3 min read

Tear Down This Wall

E-commerce expert Peter Fingar and CSC Europe CTO Howard Smith are business process management systems (BPMS) evangelists. They envision a world where application design teams don't have to worry about the IT stack and don't have to throw their requirements over the proverbial wall to programmers.

You've said BPMS is a killer app for service-oriented architecture (SOA). How so?

Fingar: Web services are to business-to-business interactions what the World Wide Web was to business-to-consumer: a dramatic simplification of the distributed computing infrastructure. A BPMS is a business-level tool that exploits this simplified infrastructure, giving companies a new capability to innovate with their unique business processes. Web services are about technology, the BPMS is about business exploiting that technology.

So a BPMS as you define it has to be something a business analyst can use independently of IT collaboration?

Smith: There's a sophomoric notion that using a BPMS is terribly easy and businesspeople can "just do it." The BPMS has this potential, but BPMS products today are on a journey. And just like when early relational databases became available to business, the schema design and reporting tools weren't terribly business friendly. But the database platform had the potential to become very business friendly, as does the BPMS today. Some companies are already at that stage with BPMS.

Fingar: We need a common platform, a common semantic, so that everyone is working on a common, directly executable model. You're not taking requirements specifications and throwing them over the wall, with umpteen levels of translation. Essentially, the process design, just as with a spreadsheet, is the execution model. It is the system.

Smith: It's not so much that businesspeople are going to be left alone to do their requirements modeling. Requirements modeling is complex in all but trivial workflow processes, demanding contributions from multiple disciplines, including IT. But at least the team knows that when it agrees on the design, it can be put into operation in a single step, without distortion. All this sounds ambitious, but case studies show it's happening.

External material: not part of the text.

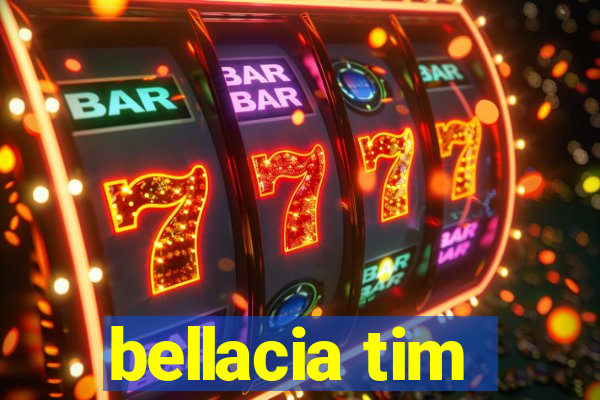 bellacia tim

Is the ultimate goal of BPM for organizations to operate in real time and become event driven?

Smith: It's not the whole reason, but could be related. If I can lower the time it takes to conceive and deploy new functionality, then I've got an agile business.

Fingar: In my book, The Real-Time Enterprise (Meghan Kiffer, 2004), I categorize two kinds of time, response time to tactical events and restructuring time: How long does it take when a major event occurs in your industry for you to be able to restructure your company, to reallocate resources?

In terms of "event driven" — we've had publish-and-subscribe messaging for a long time; all modern systems are event driven. But one area where event driven is relevant to BPM is business intelligence. There, I point to the work of David Luckham in the field of complex event processing: How do I take low-level noise in this message-driven world and start deriving higher-level, useful business intelligence? Instead of just going into a data warehouse to pull out historical information, let's monitor messages that may have nothing obvious to do with an individual application. You're listening to a lot of low-level messages to see if there's a higher-level meaning. It can be a very useful augmentation to the feedback loop in your process-driven enterprise.


What's your favorite thing to do with your kids?

Smith: We're building and launching model rockets. My son designed "Oli 3," with a digital altimeter, using CAD/CAM software.

What's your passion?

Fingar: Gardening. I feel like I'm directly participating in the deep mysteries of the universe. I recently discovered the moon flower, which blooms only at night.